As the continuous period of unemployment remains in its perverse streak, I have used some of my ample free time revising and looking back at the writings I have done. Included in the group of a surprisingly considerably long list of essays, I have been proofreading 5 pieces that I can call books, but which, if honesty is to be applied or professional writers and editors were to look at them, could also be defined as literary attempts. I find myself at times wondering about some paragraph here, a sentence there, or even an entire section that I believe is not totally unworthy of introspection, an idea here and there that may not be totally shameful to share with others.

However, as I revisited what I must call my first piece of fiction, I find myself inevitably looking not only at what was written, but at the young man that made the effort. I am a person with a peculiar and faulty memory, defective in that it is incredibly sharp and poignant at remembering the bad; if the saying that forgetting the bad things in life is having a good memory, my remembrance of my past is painfully terrible. It is at times way too vivid and, as I can read myself again, gets triggered in exquisite detail, perhaps too clear for my own sake.

The book in question is an attempt at a dystopian future, another try by an uninformed writer about the realities of what is to come. To begin with, the original sin is there: the book is set in the “distant” future of the year 2050, which obviously at the time of my writing was an era which I deemed unreachable. Yet, here it is, staring at us around a time-scale corner that is approaching rapidly. By now, it is not only unthinkable to play with the idea that I may make it there, it is desirable. The dryness of old age gets adjusted by the realization that, specially for the faithless, “old age” is certainly better than “no-age” and the idea of “I will not be there” comes with peculiar trepidations.

But then, the sadness of adolescence pours intrepidly into the writing, the certainty that things will be worse once “our” youth is the one that is gone. With no research done at the time, and no real information about what the world was to become, the pessimism wins the day, leaving a story that tells me more about what I was than what I was thinking. In a peculiar exercise, in which I can be both guilty part and critic because of the time-distance through which I am looking at myself, I can look at that young person and pass judgement and feel sorry, simultaneously.

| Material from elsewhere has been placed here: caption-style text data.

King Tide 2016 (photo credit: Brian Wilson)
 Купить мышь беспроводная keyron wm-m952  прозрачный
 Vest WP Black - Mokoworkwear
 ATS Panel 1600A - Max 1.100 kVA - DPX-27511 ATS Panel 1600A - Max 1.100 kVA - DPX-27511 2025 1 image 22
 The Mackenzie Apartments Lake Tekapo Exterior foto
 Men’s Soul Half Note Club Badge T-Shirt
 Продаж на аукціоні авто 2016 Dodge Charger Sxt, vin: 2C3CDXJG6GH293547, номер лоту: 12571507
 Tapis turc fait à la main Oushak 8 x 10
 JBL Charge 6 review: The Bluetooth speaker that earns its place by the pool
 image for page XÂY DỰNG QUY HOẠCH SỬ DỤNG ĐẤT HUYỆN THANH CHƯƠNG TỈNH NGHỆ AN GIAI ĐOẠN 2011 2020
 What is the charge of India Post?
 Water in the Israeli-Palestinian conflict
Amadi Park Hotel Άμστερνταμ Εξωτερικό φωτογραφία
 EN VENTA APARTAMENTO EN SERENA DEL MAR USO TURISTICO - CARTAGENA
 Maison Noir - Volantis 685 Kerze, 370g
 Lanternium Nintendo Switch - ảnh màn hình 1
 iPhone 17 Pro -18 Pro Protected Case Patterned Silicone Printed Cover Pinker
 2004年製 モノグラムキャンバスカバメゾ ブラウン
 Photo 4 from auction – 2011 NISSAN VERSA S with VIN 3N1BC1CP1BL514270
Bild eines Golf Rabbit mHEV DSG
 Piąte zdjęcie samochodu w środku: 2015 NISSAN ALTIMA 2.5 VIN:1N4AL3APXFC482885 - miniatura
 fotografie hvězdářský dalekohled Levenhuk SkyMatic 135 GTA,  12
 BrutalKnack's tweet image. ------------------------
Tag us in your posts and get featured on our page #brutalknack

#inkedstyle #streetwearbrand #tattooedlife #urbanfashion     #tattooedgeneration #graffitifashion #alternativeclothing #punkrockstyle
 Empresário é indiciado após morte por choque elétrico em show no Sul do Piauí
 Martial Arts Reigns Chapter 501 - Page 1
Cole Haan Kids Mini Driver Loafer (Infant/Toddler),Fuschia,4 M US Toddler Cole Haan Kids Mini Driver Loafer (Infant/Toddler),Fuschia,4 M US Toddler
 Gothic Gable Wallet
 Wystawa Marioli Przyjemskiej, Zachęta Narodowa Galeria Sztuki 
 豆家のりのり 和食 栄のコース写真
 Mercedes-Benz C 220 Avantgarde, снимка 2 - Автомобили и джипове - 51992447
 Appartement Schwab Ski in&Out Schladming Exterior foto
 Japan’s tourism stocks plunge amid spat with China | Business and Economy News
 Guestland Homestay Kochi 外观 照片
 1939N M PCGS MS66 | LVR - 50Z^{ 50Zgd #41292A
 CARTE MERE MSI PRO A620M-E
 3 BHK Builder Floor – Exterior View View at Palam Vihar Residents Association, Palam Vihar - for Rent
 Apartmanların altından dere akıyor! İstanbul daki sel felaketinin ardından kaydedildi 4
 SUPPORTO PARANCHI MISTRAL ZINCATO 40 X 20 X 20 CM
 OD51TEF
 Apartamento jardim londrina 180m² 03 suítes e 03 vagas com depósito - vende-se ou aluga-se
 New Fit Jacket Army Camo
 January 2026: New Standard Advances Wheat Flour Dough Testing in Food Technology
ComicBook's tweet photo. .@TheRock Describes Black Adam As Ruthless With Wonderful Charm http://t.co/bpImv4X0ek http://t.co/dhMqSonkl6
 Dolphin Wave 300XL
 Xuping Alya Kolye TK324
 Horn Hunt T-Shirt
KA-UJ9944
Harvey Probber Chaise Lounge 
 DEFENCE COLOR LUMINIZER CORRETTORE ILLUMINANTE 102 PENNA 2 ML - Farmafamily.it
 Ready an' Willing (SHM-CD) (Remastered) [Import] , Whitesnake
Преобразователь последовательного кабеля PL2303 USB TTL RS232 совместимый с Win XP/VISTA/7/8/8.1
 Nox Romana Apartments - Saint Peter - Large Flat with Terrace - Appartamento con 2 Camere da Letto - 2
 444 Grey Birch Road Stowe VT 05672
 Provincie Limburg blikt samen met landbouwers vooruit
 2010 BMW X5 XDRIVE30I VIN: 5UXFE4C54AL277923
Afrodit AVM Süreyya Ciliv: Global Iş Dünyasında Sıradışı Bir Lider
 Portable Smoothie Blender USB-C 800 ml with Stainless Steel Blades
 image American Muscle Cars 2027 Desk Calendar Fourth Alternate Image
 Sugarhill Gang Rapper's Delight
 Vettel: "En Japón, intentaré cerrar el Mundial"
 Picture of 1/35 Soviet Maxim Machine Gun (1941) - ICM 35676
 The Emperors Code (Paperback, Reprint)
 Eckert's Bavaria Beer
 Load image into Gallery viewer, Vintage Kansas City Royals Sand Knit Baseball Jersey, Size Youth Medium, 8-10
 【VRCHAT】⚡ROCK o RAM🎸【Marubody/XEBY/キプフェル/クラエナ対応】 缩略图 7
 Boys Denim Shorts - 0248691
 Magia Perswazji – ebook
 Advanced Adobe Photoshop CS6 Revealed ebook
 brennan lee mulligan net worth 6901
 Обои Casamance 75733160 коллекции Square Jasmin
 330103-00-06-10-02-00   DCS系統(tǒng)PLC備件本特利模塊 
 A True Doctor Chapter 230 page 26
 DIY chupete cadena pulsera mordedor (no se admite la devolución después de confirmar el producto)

An interesting part is the literary skills displayed in the writing. Certainly, I was at the time reading way too much Vonnegut and the style shows so, as the pastiche of ideas and the cacophony of the prose is a pale attempt to attain that balance stricken by Master Kurt, a process at which I fail with no safety net underneath. The attempts to picture a dire future but in a humorous way is salvaged only at the end, when I am able to write more like myself than by myself drunk. The book is not tedious per se but it fails in one sincere aspect: it starts way worse than it ends, which it is not in itself bad unless one dreams of publication and editorial success. Nobody continues reading a book by an unknown believing that the final destination will justify the road, and therefore an entire half of the book would need mending, if not complete deletion and substitution at the very least.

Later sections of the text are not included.